The Jindrich Chalupecky Society granted its annual prize, the Jindrich Chalupecky Award to 30-year-old painter and video artist Michal Pechoucek on Thursday at the Futura Gallery in Prague. The prize named after the Czech art critic Jindrich Chalupecky is meant to encourage and help young artists. The runners up were Kristof Kintera, Jan Mancuska, Jan Serych, and Michaela Thelenova. The award was handed to Michal Pechoucek by former Czech president Vaclav Havel who together with artists Theodor Pistek and Jiri Kolar founded it in 1990. Together with the award the winner gets a six-week stay in New York and 50,000 crowns as a support of his further artistic development. The Jindich Chalupecky Society together with the Culture Ministry also provides the winner with funds for a new project or publishing a catalogue.

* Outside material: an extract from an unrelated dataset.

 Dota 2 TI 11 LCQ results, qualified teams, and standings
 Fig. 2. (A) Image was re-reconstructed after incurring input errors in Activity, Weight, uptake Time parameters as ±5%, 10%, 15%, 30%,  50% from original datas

The Czech Republic will sponsor the maintenance and operation of the Museum of Jan Amos Komensky in the Dutch town of Naarden. Jan Amos Komensky, also known as Comenius, was a great 17th-century Czech thinker, philosopher, writer and pioneer of education. After the defeat of the Protestant nobility at the Battle of White Mountain in 1620, Komensky, like many other non-Catholics, was forced to leave the Czech lands. He died in exile in 1670. Prime Minister Vladimir Spidla on Thursday asked Culture Minister Pavel Dostal to start negotiations with Naarden representatives regarding preservation of the Komensky Museum and mausoleum. The museum was facing closure as the Naarden town hall could no longer afford its operation costs. The Czech Republic is expecting to pay 80.000 euro annually for the upkeep and operation of the museum of its great native.